Spanish banks were better capitalized than most at the onset of the international financial crisis but more recently have been overwhelmed by the magnitude of the collapse of Spain’s housing and construction markets. The government (previous and current) has taken measures to address banking sector weaknesses but always a bit behind the curve. Seven failing cajas (regional savings banks heavily exposed to real estate) were merged in 2010 to form Bankia making it Spain’s fourth largest bank. In May the bank was largely nationalized (costing the Spanish government around 20 billion Euros to date) and trading of its shares was suspended on May 25, 2012. Deposit insurance was established then raised. Government guarantees of senior bank bond holdings were introduced (October 2008).
As time passed, depositors have only become more concerned about the safety of their deposits. In an effort to finally get ahead of the curve, the authorities have increased the provisions required against weak and doubtful loans and other assets, and initiated third-party stress tests of its banks. The IMF’s recent Financial Sector Stability Assessment found Spain’s large internationally active banks to be well capitalized and able to absorb the new capital strengthening requirements. However, its former savings banks and some of its medium and small private sector banks are more vulnerable and will need capital injections from the government to cover insured or guaranteed deposits. Because of its own financing difficulties, the government of Spain has turned to the EU to backstop its ability to recapitalize (replace capital lost by or potentially lost by defaulting loans) those of its banks with inadequate capital. For this purpose the EU has committed €100 billion.
The Way Forward
Deposit runs on Spanish banks (including the drying up of wholesale funding) can be prevented only by convincing depositors that their money is safe, i.e. that their banks have sufficient capital to cover any losses. This requires honest accounting and full implementation of the indicated provisioning, and adequate capital; or creditable government guarantees.
For the future health of Spanish banks, it is important that Spain’s banking interventions preserve the intended discipline of excessive risk taking that results from imposing losses on shareholders and senior bond holders while honoring its commitments to protect depositors. Thus liquidity support should only be given to solvent banks. Nonperforming loans should be properly provisioned. Banks that are critically undercapitalized and are unable to raise their own capital to required levels within a reasonable period should be intervened. Intervened banks should be resolved according to the least cost principle (least cost to the tax payer). Shareholders and senior bondholders should be wiped out before government money is injected to cover other liabilities. Viable banks should be continued and sold to new owners within a reasonable period of time. Non-viable banks should be wound down (liquidated) paying off all insured or guaranteed depositors with the help of public funds as needed.
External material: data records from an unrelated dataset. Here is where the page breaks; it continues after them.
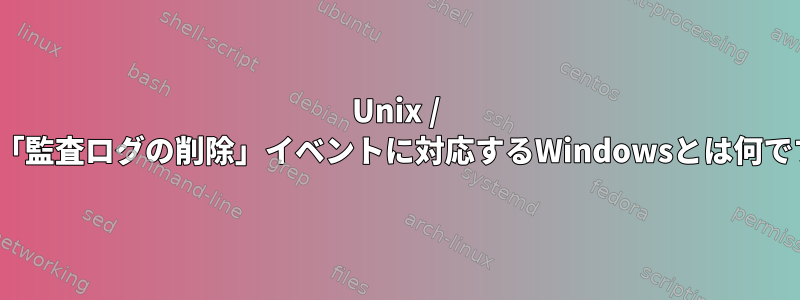 Unix / Linux「監査ログの削除」イベントに対応するWindowsとは何ですか？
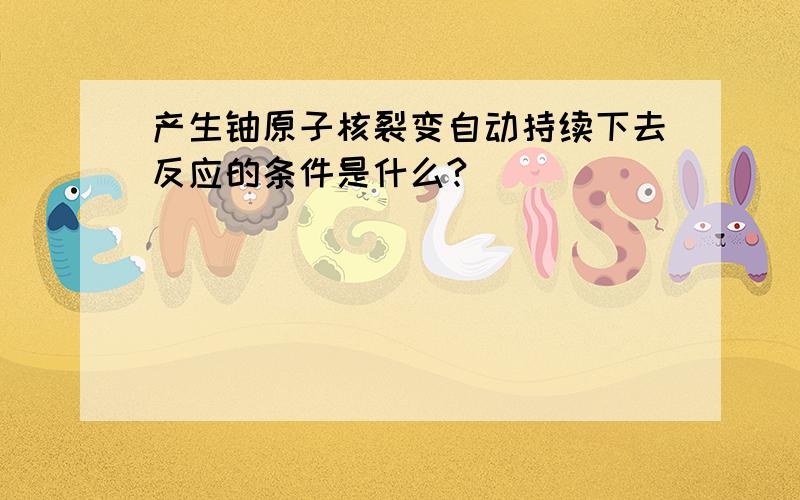 产生铀原子核裂变自动持续下去反应的条件是什么?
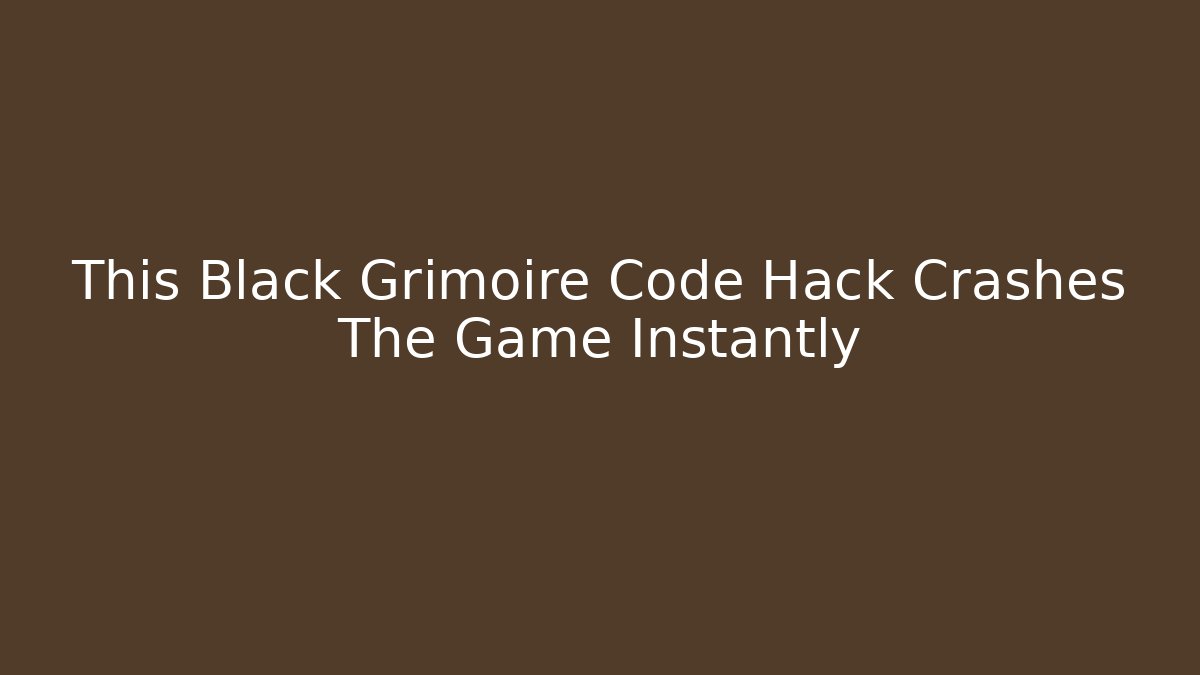 This Black Grimoire Code Hack Crashes The Game Instantly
In requesting EU financial assistance, Spain is committed to abiding by EU rules on state aid to banks. However, emergency responses to a financial crisis much too often produce the foundation of moral hazard and excessive risk taking that creates the next crises delaying true and long-lasting resolution. More market discipline of risk taking needs to be reintroduced via a sound bank resolution policy. Spain will contribute to the future soundness and vitality of its banking sector and that of all of Europe if it adheres to the above principles as it “cleans up” its financial sector.